Y es que Milán es una ciudad gris. La míres por donde la míres. De arriba a abajo, de izquierda a derecha, no se salva nada ni nadie.
Después de una semana en territorio lombardo, ya he empezado a esbozar una sonrisa cuando el sol ilumina los charcos. Si, charcos, porque no se si será porque riegan los adoquines, o porque el agua emana entre las grietas del subsuelo, o porque llueve cuando nadie le ve. El caso es que por A o por B las calles solo están secas debajo de los soportales.
No puedo decir que llueve siempre, o todos los días. Pero es esa actitud amenazante de diluvio que te inflige un cielo gris tupido la que te hacer dudar si sacar el paraguas o la canoa. Es esa fina lluvia que mientras crees que te acaricia, te cala hasta lo más profundo del alma. Es un constante gris nuboso sobre el skyline norteño, que a la noche torna en una bruma espesa digna de cualquier novela de Sherlock Holmes.

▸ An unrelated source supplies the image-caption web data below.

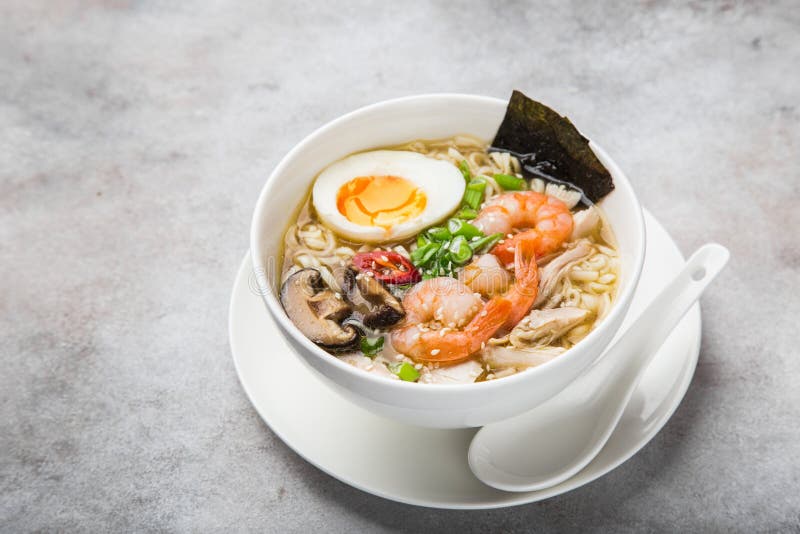 Soupe de nouilles de Ramen avec la crevette rose, les mushroms de shiitaké et l'oeuf dans le blanc images libres de droits Soupe de nouilles de Ramen avec la crevette rose, les mushroms de shiitaké et l'oeuf dans le blanc images libres de droits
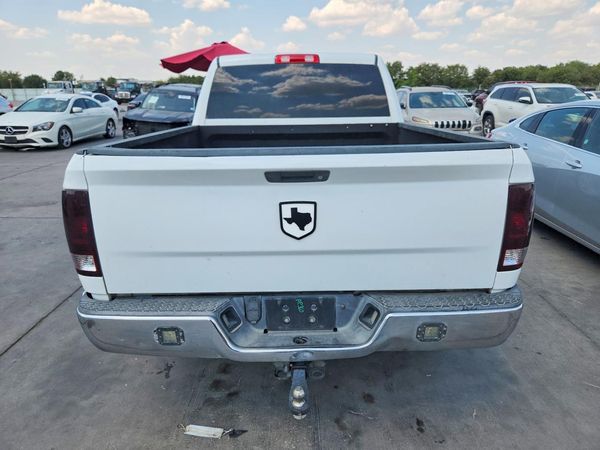 2017 RAM 1500 ST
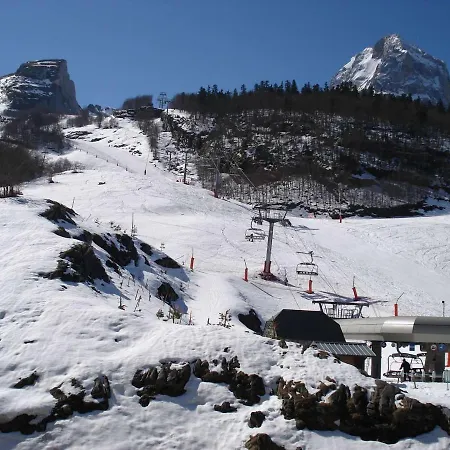 Pour 6 Pers., Pied Des Pistes, Lumineux, Centre Station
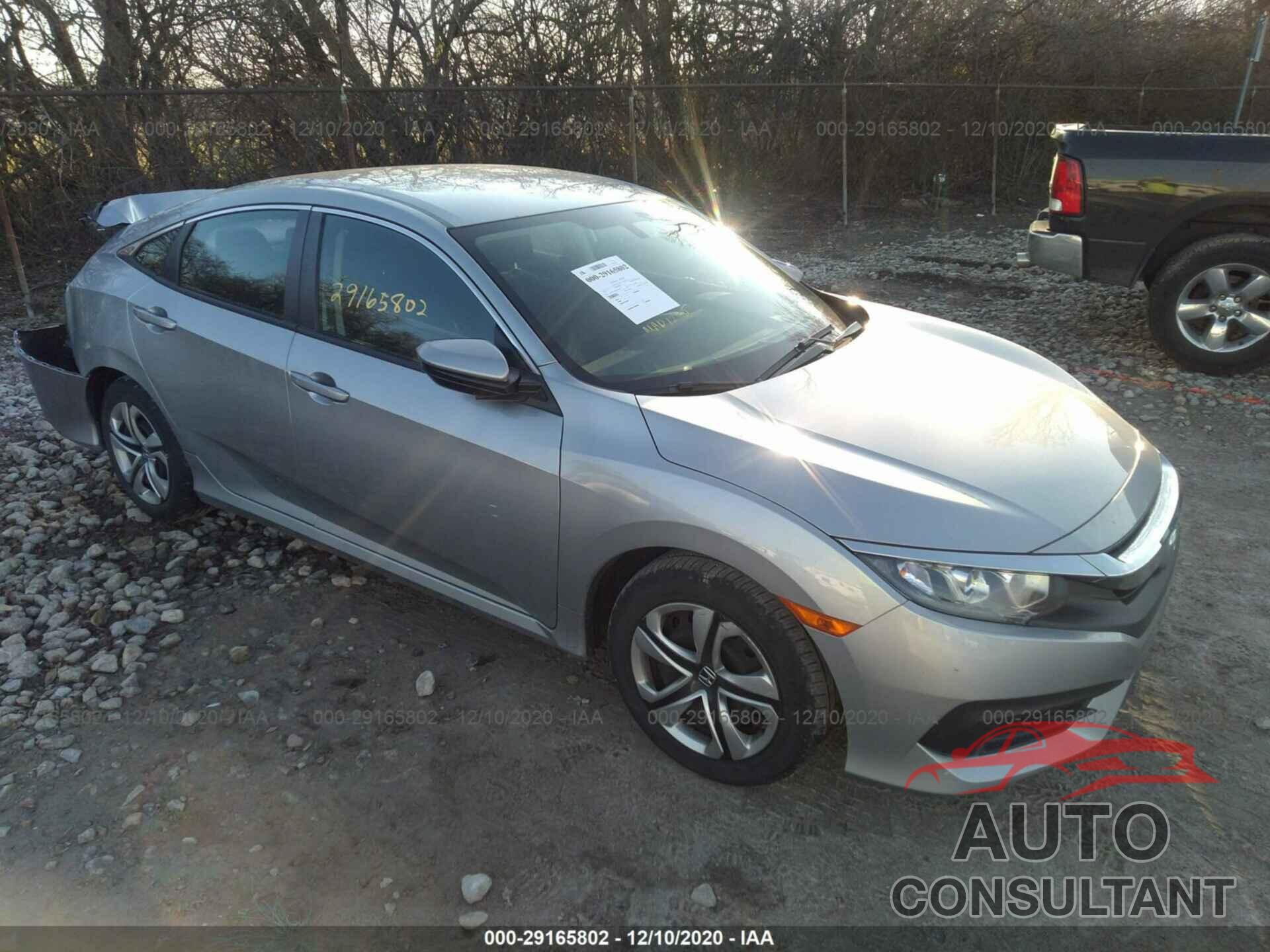 HONDA CIVIC SEDAN 2017 - 19XFC2F58HE003747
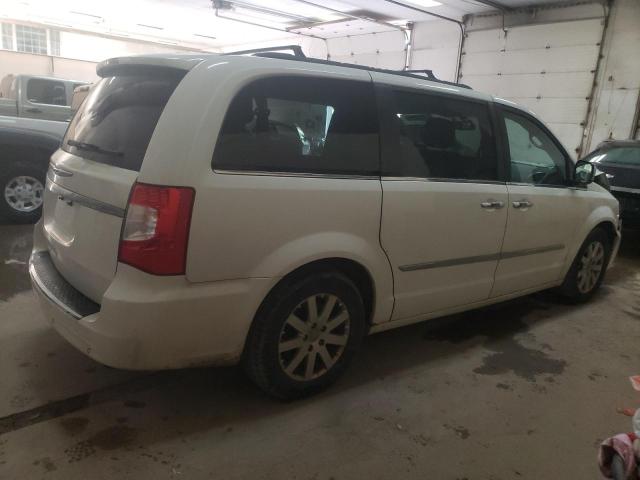 Photo 2 VIN: 2C4RC1CG8CR401755 - CHRYSLER TOWN & COU 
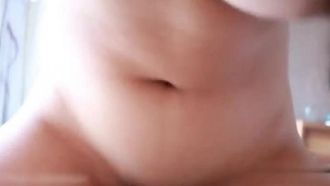 한 현지 소녀가 집 바닥에서 18세 소녀와 성교를 하고 그녀의 몸에 사정했습니다.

La noche, otra gran incomprendida entre las cualidades italianas, pero eso ya es otro post.
Mientras tanto, paso bloques y bloques en autobuses gratuitos para llegar al campus industrial. Y es que ya podréis adivinar de que color es cada uno de los edificios de entre 5 y 10 pisos que acogen, afinados entre sus muros, a los que serán mis vecinos los próximos dos años.